With the full-catastrophe honesty readers have come to expect, Augusten Burroughs launches into his latest memoir, “Lust & Wonder,” by slipping out of sobriety and into a cocktail then sending a proposition — which he knows flirts with a gray area between clever and creepy — to a friend of a friend.
His e-mail to this writer he admires includes a photo of himself with no shirt. “I probably sound crazy, like a stalker,” he writes. “Like a ‘fan.’ ”
Yet when he gets a quick response saying they should meet, “The swiftness and brevity of his reply caused me to instantly resent him.”

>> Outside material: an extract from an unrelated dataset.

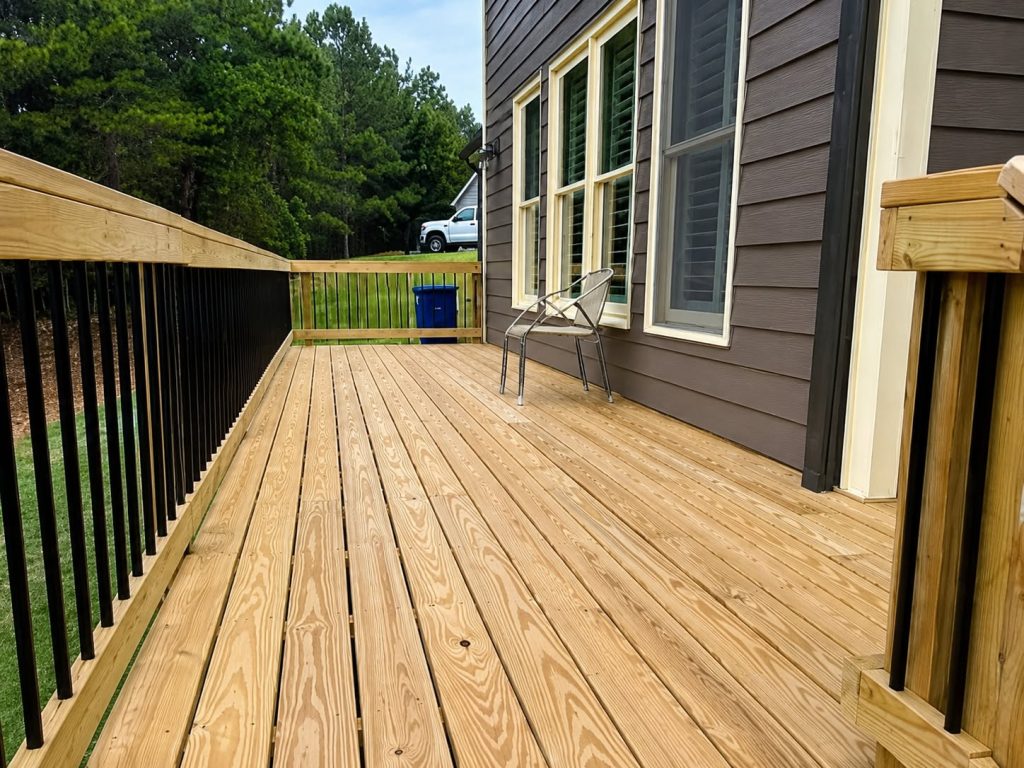 Freshly laid pressure-treated decking with black metal balusters and a wood picket screen panel beside a dark-sided home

With this snark begins the first of three relationships Burroughs covers — in often funny but also embarrassing and painful detail, for both parties — in “Lust & Wonder.”
Burroughs has been taking these unflinchingly honest deep dives into his own neuroses for more than a decade. In the early years of his book-writing career (he worked in advertising first), he hammered out memoirs “Running with Scissors” (published in 2002) and “Dry” (2003), which cover his strange childhood and his journey to sobriety, respectively. (“Running with Scissors” shows the basis for a lifetime’s worth of psychological distress, but it’s not a prerequisite to his other work.)

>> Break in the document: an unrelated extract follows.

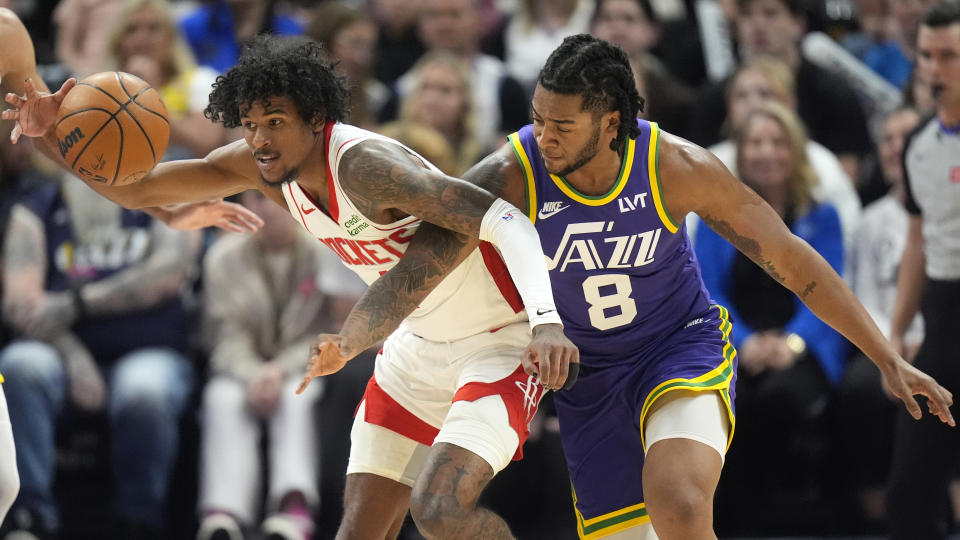 Houston Rockets guard Jalen Green, left, and Utah Jazz forward Brice Sensabaugh (8) battle for the ball during the first half of an NBA basketball game Thursday, April 11, 2024, in Salt Lake City. (AP Photo/Rick Bowmer)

In “Lust & Wonder,” Burroughs seeks love, and his ability to note and understand even his most warped inner workings translates into an ability to peer into the psychological underpinnings behind the behavior of his lovers, too. It works not just because it’s funny, but because it’s analysis with a big heart. It’s still uncomfortable when Burroughs writes about awkward sex or notes that his boyfriend Mitch has patchy fur rather than the full, gorgeous head of hair his Famous Author Friend has. But as readers we’re in on his self-awareness: Burroughs knows when he’s being mean and says so, and he includes himself in his warts-and-all memoir philosophy.
That lucid, often wrenching window into his humanity shows up in his therapist’s office, when he realizes he has spent far too long explaining a massive breakup-related downward spiral to his riveted psychiatrist. “I’m the one who said, ‘I think we ran over.’ ”
“When your psychiatrist forgets to look at the clock and is hanging on your every word, that’s when you know, out of all his patients, you are the sickest.”
His next relationship is longer and begins to feel like a protracted land battle — even though reading it, one senses the end is nearing and feels compelled only to stop turning pages to refill the popcorn. We’re along for the ride, we feel the dread and the tension, and we wise up as he does. It’s hard to know whether to be sad or angry or just laugh at boyfriend No. 2’s e-mailed list of things he hates about Augusten. But we saw it coming and feel smart for being able to say, Ah ha! Knew it!
That gained wisdom is one of the hallmarks of “Lust & Wonder.” Burroughs of course has the benefit of hindsight as he reflects on his wilder 1990s then his more stable years building a house in the ‘burbs. But he’s looking back with a fresh maturity in this memoir, and that lends weight to what happens next.
Love finally happens, but all isn’t perfect now — worst for readers is that he ends up blocked from writing and turns his attention to shopping online for rare gemstones and jewelry. It’s easy to question in the last pages whether a loving relationship can hold the tension to carry a story forward; broken relationships do this so easily. Still, at the closing lines of “Lust & Wonder,” I felt a warm rush of happiness for Burroughs and his husband, and because genuine feeling for and connection with the author is one of the reasons we read memoirs in the first place, this was a good takeaway.
But I also closed “Lust & Wonder” thinking that if he has another bout of writer’s block, I hope it doesn’t last long.